= Døtreskolen af 1791 =

Døtreskolen af 1791 ("Daughter School of 1791") was a girls' school active in Copenhagen, Denmark from 1791 until 1899. It is considered one of the first schools in Denmark to give secondary education to females.
 Several well known people were students at Døtreskolen, including the educational pioneer Annestine Beyer.

==History==

The school was founded on 12 September 1791. The first serious secondary school for girls (as opposed to finishing schools) in Copenhagen had been J. Cl. Todes Døtreskole, founded in 1787, but the parents had been so discontented with it that they had closed it down in 1791 by removing their daughters from it.

The parents of the former students of the closed school, belonging principally to the Copenhagen merchant class, formed a society which started the Døtreskolen af 1791. The students were given education in scientific subjects after the pattern of boys' schools, which made it a pioneer institution.
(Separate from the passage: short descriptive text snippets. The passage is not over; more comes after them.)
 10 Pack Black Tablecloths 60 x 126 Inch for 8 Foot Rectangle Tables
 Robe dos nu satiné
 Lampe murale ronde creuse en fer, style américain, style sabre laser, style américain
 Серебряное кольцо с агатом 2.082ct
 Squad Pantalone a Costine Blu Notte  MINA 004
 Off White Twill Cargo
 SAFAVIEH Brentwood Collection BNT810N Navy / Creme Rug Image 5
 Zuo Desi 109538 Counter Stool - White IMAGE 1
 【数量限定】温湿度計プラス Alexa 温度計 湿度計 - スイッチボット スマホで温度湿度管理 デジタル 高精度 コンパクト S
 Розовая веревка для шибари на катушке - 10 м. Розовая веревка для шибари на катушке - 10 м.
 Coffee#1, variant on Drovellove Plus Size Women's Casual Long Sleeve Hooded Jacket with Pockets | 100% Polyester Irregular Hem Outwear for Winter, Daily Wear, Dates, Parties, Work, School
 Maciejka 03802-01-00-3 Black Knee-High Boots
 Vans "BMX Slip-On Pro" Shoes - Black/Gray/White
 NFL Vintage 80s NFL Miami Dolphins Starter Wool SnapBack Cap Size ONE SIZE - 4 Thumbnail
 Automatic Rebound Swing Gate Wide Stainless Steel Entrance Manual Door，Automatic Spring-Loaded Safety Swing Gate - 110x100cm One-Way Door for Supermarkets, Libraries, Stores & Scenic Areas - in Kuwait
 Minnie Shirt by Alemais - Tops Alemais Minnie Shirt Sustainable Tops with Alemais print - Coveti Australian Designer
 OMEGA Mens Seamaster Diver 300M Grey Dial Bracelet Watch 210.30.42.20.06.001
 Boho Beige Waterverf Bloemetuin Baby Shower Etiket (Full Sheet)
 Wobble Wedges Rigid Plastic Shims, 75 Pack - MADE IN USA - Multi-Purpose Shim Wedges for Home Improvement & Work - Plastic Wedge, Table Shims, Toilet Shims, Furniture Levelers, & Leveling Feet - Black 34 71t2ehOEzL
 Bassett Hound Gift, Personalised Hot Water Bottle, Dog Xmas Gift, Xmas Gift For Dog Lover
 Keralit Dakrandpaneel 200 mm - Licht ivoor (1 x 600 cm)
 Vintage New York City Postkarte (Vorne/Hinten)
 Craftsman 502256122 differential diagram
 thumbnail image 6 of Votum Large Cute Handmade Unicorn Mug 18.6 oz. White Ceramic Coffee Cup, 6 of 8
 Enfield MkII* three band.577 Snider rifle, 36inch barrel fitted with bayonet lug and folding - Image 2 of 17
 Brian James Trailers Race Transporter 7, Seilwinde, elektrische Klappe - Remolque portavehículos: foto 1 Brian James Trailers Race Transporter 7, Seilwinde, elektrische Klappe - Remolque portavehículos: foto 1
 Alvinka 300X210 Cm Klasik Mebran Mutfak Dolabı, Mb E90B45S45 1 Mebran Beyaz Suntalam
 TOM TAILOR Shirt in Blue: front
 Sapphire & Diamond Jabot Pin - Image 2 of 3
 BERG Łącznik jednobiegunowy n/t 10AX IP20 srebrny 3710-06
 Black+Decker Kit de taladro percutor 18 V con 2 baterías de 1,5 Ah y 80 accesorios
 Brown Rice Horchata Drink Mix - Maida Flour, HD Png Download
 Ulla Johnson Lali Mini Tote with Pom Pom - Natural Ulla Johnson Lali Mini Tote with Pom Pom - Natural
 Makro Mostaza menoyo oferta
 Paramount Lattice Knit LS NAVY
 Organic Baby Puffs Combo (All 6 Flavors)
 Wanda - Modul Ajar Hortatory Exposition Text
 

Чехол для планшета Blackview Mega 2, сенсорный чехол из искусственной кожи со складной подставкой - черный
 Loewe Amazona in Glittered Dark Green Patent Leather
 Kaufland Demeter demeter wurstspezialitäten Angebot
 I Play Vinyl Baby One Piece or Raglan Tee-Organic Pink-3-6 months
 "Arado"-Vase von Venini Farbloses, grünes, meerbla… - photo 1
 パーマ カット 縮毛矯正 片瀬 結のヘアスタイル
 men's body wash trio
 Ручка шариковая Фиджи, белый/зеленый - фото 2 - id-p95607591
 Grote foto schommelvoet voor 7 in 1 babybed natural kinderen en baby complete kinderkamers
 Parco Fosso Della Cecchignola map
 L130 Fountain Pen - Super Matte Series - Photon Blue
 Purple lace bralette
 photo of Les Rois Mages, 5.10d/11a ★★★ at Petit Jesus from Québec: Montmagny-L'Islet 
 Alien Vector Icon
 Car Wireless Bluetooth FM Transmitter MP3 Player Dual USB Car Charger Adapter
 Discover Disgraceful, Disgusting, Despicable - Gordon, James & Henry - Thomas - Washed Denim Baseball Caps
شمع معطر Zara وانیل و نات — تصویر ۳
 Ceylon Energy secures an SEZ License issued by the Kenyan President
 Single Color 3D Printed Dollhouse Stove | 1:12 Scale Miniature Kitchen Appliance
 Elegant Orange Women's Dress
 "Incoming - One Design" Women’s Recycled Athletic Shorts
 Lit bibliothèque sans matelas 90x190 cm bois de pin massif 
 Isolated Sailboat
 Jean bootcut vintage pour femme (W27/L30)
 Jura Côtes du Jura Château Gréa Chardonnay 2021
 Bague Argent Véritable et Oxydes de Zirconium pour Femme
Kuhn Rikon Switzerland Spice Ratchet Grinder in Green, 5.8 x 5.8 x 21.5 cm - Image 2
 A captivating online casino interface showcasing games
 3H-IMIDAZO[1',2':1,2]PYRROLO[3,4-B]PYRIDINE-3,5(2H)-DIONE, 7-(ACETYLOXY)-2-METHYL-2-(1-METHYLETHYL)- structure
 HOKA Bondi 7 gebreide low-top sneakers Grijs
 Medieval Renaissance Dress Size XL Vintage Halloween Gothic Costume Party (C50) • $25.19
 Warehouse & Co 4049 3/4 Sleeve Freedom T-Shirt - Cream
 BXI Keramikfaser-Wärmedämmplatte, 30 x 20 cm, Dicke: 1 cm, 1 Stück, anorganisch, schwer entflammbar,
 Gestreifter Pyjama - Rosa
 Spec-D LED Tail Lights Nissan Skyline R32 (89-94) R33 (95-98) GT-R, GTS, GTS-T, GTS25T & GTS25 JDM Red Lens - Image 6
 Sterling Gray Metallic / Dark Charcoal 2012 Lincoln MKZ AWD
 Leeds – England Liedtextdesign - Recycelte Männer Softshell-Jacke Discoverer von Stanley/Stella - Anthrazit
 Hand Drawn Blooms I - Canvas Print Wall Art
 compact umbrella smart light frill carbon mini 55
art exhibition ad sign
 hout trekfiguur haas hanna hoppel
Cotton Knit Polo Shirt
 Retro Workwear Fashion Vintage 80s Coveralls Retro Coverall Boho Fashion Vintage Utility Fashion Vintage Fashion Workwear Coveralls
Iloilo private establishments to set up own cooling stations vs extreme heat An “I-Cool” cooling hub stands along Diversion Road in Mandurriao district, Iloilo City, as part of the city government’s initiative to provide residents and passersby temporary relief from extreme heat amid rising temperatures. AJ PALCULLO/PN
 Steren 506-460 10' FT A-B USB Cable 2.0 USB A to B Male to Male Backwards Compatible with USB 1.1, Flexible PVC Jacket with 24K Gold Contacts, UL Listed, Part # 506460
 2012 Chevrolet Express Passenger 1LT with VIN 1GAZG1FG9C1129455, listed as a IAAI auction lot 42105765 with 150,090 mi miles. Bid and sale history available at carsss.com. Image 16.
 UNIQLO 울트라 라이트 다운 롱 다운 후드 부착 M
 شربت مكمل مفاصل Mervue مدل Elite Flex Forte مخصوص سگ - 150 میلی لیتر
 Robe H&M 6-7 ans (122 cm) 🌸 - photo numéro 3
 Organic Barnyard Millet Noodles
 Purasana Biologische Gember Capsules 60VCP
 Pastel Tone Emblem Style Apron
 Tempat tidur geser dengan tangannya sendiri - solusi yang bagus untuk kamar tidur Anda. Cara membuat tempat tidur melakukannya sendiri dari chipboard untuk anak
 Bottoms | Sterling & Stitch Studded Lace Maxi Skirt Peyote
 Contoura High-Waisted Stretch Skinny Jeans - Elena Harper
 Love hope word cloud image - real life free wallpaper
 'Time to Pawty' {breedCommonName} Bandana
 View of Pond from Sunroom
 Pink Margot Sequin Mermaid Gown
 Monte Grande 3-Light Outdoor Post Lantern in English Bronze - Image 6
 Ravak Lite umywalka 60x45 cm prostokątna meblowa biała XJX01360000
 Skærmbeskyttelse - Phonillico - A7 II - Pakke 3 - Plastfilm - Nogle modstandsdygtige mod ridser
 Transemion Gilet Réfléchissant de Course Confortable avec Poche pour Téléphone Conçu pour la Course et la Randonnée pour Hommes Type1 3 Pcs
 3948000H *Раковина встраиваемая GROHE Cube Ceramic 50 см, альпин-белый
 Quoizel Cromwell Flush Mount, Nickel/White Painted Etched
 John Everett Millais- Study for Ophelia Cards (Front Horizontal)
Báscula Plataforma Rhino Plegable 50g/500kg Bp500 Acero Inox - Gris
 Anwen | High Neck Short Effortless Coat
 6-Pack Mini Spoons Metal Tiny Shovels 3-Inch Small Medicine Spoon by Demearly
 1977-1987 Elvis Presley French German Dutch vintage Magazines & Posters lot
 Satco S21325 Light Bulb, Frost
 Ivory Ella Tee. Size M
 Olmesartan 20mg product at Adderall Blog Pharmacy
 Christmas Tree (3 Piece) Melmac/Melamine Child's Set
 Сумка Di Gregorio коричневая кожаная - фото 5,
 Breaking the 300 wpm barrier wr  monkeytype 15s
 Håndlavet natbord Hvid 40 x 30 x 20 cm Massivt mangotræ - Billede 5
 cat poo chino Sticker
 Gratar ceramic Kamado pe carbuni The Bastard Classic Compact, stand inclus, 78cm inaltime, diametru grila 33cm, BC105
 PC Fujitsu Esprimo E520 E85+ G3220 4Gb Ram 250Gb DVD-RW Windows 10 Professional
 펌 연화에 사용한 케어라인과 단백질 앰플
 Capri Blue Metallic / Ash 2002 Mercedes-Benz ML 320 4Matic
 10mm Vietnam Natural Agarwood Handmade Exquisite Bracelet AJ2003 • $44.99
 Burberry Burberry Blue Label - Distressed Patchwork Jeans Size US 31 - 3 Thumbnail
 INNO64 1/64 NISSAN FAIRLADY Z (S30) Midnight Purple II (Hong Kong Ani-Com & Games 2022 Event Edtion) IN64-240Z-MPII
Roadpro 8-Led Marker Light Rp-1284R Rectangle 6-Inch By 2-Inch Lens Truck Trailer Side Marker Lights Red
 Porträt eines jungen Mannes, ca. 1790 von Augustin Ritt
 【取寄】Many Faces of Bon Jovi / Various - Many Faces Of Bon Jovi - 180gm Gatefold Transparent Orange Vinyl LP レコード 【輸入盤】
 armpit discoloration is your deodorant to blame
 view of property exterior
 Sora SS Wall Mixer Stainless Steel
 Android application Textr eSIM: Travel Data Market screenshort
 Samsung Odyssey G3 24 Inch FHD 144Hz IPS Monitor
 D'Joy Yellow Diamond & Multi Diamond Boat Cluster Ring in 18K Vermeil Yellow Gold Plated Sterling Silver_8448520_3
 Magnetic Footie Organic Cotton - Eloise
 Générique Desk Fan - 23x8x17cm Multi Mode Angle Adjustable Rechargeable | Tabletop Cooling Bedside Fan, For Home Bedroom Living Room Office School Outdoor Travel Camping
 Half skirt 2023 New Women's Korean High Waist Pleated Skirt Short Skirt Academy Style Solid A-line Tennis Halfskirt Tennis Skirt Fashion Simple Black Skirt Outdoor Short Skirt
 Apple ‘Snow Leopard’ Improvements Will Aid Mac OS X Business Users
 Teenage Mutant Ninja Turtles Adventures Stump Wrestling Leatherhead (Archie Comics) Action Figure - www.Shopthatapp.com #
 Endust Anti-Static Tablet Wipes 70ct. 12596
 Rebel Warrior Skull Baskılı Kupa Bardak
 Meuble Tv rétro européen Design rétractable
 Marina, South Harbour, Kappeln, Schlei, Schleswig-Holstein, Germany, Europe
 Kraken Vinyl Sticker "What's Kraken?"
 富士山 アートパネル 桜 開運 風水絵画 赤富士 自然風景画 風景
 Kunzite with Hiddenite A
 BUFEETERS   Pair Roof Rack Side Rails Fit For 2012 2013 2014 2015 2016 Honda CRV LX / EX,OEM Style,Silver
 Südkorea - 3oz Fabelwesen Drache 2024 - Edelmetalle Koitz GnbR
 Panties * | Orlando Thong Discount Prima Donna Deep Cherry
Until the 1840s, when a large number of secondary girls' schools were founded in Denmark, there were only three schools in Copenhagen to provide secondary education to females, of which this was the oldest.

In 1846 another pioneer institution for women's education in Denmark, the Den højere Dannelsesanstalt for Damer, was founded in the same building and shared localities with the school for the first period of its existence.

==Location==
The school was based at Østergade matr No. 34 (same building as Efterslægtselskabet) in 1794. In 1839-43, it was based at Store Købmagergade 53 in Frimand's Quarter. In 1844-49, it was based at Pilestræde No. 84 in Købmager Quarter. In 1850-52, it was based at Borgergade in St. Ann's West Quarter. In 1853-68, it was based at Vingårdsstræde No. 133 in the East Quarter.

==Other sources==
- Adda Hilden (1993) Lærerindeuddannelse (Odense Universitetsforlag)
- Tone Skinningsrud (2012) Fra reformasjonen til mellomkrigstiden. Framveksten av det norske utdanningssystemet 	(Tromsø: University of Tromsø. Doctor Philosophiae.)
- Carl Bruun (1901) Kjøbenhavn (Copenhagen: Thiele)
- Johannes Christoffer Hagemann Reinhardt Steenstrup (1917) Den danske kvindes historie: fra Holbergs tid til vor, 1701-1917 (Copenhagen: H. Hagerup)
- Carol Gold (1996) Educating Middle Class Daughters: Private Girls Schools in Copenhagen 1790–1820 (Museum Tusculanum Press) ISBN 978-8772893730

==Related reading==
- Realskolen gennem 200 år. Danmarks Privatskoleforening, 2010. bl.a.Bd.2 s.82ff.